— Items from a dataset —
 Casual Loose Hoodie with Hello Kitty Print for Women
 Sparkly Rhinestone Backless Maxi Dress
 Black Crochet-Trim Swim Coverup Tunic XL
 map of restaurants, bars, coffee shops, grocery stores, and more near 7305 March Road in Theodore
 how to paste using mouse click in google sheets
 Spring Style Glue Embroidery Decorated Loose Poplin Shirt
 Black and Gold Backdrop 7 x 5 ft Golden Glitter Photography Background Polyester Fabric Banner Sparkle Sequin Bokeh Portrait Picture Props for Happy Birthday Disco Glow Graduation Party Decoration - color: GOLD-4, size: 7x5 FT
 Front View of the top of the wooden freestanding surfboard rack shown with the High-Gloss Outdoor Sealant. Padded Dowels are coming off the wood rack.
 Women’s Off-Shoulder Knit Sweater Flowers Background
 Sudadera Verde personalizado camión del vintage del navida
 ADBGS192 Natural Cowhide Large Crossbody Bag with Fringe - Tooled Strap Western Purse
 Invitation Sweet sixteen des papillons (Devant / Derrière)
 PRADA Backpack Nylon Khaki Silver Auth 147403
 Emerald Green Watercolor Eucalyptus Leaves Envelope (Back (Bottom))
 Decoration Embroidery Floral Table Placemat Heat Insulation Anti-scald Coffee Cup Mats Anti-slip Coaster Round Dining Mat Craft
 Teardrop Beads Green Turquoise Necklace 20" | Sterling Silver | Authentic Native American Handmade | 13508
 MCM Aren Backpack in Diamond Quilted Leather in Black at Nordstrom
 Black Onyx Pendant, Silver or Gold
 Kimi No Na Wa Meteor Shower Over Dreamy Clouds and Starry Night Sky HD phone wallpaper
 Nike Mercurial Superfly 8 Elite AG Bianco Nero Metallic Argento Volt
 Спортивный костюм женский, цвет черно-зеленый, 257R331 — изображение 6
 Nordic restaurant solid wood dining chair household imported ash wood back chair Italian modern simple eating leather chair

— Aim of the exercise —
Please transcribe exactly the lines above from the line that has "how to paste" up to and including the line that has "Spring Style Glue"; no other line belongs in the answer.

— The completed task —
 how to paste using mouse click in google sheets
 Spring Style Glue Embroidery Decorated Loose Poplin Shirt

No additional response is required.